Thread: defunct postmasters

defunct postmasters

From

Philip Crotwell

Date:

11 May 2001, 13:51:04

Hi

I am running postgres7.1 on redhat 6.2 and my database has gone belly up.

I know i am not supposed to "kill -9 " the postmaster, but it has become
completely unresponsive. pgsql just hangs as does stopping with the
rc.d script.

ps output looks like this, and top shows the machine to be almost
completely idle.
postgres 29214     1  0 Apr11 ?        00:00:02 [postmaster]
postgres 29350 29214  0 Apr11 ?        00:01:02 [postmaster <defunct>]
postgres 29351 29214 19 Apr11 ?        19:11:41 [postmaster <defunct>]
postgres 29352 29214  0 Apr11 ?        00:00:00 [postmaster <defunct>]
postgres 31002 29214 15 Apr30 ?        17:07:27 [postmaster <defunct>]
postgres 31003 29214  0 Apr30 ?        00:01:06 [postmaster <defunct>]
postgres  7726 29214  0 May10 ?        00:01:28 [postmaster <defunct>]
postgres  7727 29214  1 May10 ?        00:12:07 [postmaster <defunct>]

I have tried sending the postmaster a regular "kill" without success.

Does anyone have a suggestion for how to restart postgres short of a
kill -9.

There are not any clients connected anymore, so I assume that it is as
quiet as it can get.

thanks,
Philip

PS I don't know why this happened, but the only theory I have is that I am
running with -i to allow jdbc connections and I had port scanned the
machine with nmap shortly before noticing that I could no longer connect.
Maybe just coincidence as I don't know if I could connect before
portscanning or not, but I have seen other daemons crash after being
port scanned.

Re: defunct postmasters

From

Tom Lane

Date:

11 May 2001, 15:12:48

Philip Crotwell <crotwell@seis.sc.edu> writes:
> I am running postgres7.1 on redhat 6.2 and my database has gone belly up.

> I know i am not supposed to "kill -9 " the postmaster, but it has become
> completely unresponsive. pgsql just hangs as does stopping with the
> rc.d script.

Actually, kill -9 should be perfectly safe in PG 7.1; it was only
earlier releases that didn't like it.  But before you do that,
would you attach to the top postmaster process (29214) with gdb
and get a stack trace?

> PS I don't know why this happened, but the only theory I have is that I am
> running with -i to allow jdbc connections and I had port scanned the
> machine with nmap shortly before noticing that I could no longer connect.

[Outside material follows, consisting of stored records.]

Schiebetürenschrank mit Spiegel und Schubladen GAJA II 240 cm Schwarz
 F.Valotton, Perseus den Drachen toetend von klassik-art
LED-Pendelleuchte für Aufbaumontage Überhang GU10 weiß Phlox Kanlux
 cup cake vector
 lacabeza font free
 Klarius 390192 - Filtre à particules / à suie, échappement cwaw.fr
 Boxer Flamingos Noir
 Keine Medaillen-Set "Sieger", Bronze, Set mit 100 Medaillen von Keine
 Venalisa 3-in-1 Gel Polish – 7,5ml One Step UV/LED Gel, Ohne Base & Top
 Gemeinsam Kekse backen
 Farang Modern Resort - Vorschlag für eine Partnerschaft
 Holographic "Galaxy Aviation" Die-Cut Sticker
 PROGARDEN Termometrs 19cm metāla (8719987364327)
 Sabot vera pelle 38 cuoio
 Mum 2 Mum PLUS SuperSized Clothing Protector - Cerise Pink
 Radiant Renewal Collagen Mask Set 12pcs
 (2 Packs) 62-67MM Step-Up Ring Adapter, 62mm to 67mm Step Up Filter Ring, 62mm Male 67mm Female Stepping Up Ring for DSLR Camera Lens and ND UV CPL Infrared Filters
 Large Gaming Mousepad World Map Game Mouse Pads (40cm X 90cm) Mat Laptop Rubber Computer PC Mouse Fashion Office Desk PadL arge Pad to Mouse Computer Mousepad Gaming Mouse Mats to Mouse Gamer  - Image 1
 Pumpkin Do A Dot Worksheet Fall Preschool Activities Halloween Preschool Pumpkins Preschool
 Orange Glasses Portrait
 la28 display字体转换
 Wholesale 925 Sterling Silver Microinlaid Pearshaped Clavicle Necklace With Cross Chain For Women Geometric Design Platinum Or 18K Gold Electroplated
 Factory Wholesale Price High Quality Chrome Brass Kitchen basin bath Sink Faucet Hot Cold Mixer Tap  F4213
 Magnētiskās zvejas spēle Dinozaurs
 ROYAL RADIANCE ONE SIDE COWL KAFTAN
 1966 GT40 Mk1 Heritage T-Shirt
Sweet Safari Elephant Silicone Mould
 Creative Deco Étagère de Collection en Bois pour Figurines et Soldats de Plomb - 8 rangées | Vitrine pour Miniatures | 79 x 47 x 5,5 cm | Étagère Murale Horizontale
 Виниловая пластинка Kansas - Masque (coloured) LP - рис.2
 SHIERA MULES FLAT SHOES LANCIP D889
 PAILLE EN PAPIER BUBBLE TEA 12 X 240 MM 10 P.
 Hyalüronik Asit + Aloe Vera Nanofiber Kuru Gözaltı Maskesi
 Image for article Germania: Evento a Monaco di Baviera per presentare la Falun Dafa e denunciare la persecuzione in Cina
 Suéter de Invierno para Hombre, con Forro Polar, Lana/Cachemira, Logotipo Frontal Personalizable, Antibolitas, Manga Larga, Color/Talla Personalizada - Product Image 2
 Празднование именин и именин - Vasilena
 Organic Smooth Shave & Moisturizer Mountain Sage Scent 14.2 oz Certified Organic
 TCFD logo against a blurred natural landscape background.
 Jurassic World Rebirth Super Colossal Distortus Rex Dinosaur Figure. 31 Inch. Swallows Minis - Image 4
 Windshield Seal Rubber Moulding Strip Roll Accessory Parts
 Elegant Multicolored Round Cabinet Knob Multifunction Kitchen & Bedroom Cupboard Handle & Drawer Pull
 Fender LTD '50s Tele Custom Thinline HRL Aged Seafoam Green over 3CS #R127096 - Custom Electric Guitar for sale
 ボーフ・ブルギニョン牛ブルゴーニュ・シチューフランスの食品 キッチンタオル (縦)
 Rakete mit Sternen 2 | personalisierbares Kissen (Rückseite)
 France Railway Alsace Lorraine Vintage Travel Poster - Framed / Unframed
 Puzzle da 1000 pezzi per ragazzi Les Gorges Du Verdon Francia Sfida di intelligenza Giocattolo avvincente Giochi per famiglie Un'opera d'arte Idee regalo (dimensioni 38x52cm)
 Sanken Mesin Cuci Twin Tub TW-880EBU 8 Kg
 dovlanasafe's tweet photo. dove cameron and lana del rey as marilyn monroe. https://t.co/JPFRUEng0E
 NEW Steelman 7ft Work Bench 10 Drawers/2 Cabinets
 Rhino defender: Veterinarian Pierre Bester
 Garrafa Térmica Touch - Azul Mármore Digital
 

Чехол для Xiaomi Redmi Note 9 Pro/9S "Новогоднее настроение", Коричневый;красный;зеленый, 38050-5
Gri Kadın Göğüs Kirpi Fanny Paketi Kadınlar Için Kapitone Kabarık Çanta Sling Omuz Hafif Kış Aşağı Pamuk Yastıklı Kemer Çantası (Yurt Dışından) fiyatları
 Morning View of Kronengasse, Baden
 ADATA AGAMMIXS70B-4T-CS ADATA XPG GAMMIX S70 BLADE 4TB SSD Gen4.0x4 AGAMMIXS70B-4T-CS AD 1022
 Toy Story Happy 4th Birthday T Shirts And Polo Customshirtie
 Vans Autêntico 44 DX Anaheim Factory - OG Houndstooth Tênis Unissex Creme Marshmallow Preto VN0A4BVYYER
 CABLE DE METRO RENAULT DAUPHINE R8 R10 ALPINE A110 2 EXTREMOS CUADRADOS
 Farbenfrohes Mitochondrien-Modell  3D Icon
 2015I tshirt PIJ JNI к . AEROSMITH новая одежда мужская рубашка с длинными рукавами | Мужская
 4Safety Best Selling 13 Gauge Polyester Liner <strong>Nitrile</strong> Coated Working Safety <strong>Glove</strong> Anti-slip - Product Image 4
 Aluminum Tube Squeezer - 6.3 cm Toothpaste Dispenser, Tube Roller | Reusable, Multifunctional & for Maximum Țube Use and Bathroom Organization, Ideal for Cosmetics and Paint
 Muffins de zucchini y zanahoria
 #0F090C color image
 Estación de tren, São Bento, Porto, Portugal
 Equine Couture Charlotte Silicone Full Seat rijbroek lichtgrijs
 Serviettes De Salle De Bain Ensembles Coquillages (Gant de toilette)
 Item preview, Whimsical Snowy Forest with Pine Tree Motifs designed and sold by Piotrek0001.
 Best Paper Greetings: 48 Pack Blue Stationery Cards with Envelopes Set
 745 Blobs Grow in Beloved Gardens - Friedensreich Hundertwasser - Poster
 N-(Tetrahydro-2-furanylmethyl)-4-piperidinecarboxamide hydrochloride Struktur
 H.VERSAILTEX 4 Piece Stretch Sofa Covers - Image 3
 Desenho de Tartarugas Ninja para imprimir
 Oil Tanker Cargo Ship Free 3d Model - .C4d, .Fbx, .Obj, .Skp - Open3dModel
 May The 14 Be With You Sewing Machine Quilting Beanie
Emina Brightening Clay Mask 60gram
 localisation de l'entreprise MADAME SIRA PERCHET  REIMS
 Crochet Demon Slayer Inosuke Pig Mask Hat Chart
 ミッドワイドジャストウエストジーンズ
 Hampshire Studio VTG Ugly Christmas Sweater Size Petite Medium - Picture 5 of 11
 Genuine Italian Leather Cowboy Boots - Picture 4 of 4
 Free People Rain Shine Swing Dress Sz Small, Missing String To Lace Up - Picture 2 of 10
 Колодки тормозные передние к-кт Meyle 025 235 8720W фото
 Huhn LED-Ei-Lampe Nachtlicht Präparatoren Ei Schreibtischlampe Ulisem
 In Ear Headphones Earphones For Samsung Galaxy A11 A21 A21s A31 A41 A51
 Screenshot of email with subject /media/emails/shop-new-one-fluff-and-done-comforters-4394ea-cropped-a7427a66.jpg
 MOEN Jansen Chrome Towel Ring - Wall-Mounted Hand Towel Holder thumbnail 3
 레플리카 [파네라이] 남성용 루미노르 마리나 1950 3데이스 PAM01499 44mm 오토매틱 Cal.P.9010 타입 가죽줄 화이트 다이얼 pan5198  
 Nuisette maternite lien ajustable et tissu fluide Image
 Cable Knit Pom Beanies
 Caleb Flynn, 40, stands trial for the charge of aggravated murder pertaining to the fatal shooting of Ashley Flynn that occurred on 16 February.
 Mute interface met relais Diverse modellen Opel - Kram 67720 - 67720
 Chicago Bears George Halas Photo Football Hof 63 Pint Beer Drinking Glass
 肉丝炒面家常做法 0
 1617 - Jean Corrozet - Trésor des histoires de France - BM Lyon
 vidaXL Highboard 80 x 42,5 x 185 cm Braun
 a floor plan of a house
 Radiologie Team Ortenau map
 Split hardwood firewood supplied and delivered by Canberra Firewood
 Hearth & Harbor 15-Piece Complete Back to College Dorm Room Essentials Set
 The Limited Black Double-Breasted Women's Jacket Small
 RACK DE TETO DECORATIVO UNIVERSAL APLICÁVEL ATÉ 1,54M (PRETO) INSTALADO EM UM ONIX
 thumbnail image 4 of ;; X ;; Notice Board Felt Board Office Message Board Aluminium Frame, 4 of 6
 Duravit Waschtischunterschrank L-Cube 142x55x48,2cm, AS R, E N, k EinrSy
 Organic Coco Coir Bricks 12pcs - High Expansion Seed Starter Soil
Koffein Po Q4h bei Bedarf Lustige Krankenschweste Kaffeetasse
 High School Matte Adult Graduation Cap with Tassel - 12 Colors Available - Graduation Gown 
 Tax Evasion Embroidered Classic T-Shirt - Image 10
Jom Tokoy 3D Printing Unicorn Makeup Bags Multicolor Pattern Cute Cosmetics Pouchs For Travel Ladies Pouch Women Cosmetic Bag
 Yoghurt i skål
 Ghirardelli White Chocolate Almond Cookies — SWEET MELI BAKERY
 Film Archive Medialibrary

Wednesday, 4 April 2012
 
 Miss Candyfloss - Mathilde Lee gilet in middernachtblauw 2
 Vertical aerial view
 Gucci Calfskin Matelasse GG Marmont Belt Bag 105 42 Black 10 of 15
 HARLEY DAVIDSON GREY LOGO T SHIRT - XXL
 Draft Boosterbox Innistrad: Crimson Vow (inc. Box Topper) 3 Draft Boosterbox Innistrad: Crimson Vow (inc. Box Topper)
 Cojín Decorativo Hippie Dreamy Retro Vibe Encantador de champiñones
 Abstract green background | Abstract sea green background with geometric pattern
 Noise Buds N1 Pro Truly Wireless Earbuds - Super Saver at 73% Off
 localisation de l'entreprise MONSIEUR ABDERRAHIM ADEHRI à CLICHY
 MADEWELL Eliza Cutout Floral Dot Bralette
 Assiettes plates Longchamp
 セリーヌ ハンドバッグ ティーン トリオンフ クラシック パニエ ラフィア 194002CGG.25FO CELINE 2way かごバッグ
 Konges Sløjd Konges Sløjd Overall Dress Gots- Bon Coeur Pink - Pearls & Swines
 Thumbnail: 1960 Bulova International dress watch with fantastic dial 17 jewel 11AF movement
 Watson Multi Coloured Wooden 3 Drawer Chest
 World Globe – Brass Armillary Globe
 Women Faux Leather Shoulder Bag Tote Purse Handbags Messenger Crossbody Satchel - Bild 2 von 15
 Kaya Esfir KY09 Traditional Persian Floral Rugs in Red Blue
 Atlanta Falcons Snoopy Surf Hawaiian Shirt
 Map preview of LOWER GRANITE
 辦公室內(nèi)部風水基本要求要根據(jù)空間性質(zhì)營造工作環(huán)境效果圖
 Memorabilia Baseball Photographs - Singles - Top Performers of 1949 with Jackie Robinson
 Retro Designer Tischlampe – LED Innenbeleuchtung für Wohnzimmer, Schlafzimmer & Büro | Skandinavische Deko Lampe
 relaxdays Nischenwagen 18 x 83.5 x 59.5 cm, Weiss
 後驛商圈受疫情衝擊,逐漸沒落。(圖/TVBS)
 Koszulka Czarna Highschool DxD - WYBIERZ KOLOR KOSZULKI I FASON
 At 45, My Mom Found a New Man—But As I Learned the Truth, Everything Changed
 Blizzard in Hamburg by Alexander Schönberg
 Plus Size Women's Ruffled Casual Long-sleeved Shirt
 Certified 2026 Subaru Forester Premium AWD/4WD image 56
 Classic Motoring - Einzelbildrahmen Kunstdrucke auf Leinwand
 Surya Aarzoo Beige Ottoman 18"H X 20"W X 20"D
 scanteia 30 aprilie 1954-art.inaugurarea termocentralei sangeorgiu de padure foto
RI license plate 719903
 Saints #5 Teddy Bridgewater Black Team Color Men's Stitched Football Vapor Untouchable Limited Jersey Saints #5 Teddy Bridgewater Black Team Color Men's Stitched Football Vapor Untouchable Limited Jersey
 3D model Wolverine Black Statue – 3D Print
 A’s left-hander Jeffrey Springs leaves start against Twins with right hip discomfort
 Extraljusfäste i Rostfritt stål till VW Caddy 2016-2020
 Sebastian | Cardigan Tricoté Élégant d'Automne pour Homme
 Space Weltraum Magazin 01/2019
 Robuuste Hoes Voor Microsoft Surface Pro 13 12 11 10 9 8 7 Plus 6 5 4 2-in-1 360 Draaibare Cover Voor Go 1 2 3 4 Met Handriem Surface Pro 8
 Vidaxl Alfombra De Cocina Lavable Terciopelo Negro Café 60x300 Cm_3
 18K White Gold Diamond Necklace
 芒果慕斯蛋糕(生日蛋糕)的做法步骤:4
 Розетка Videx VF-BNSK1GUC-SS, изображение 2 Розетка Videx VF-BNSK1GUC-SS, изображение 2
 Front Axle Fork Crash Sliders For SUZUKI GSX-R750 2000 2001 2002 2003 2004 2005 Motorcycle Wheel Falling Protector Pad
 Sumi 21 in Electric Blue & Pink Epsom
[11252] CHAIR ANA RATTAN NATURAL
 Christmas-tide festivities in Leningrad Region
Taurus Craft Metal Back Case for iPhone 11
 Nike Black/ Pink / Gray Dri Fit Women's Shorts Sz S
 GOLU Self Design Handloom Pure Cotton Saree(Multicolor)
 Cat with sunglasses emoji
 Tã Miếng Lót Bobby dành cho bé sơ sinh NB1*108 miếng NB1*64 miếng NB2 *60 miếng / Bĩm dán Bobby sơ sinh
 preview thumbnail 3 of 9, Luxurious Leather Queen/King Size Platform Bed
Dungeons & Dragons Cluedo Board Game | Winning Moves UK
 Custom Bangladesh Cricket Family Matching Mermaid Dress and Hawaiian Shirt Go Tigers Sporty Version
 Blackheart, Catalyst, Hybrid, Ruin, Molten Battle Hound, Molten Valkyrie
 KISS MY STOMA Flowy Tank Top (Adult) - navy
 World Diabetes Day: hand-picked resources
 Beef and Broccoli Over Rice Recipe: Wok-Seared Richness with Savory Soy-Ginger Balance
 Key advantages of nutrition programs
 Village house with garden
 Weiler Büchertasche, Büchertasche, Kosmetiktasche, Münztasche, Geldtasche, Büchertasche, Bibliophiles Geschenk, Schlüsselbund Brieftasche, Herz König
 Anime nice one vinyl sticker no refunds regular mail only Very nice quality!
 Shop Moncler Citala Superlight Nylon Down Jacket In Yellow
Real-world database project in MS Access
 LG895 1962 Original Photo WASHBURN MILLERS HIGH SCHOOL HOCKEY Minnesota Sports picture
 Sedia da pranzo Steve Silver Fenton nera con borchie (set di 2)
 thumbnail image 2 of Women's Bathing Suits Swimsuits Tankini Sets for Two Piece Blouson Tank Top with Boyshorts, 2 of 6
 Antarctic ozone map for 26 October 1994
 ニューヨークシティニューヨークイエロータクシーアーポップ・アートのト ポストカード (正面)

Hmm, would you see if that's repeatable?

            regards, tom lane

Re: defunct postmasters

From

Lamar Owen

Date:

11 May 2001, 15:57:04

-----BEGIN PGP SIGNED MESSAGE-----
Hash: SHA1

On Friday 11 May 2001 10:26, Philip Crotwell wrote:
> PS I don't know why this happened, but the only theory I have is that I am
> running with -i to allow jdbc connections and I had port scanned the
> machine with nmap shortly before noticing that I could no longer connect.
> Maybe just coincidence as I don't know if I could connect before
> portscanning or not, but I have seen other daemons crash after being
> port scanned.

Can somebody say 'denial-of-service?'  I knew you could.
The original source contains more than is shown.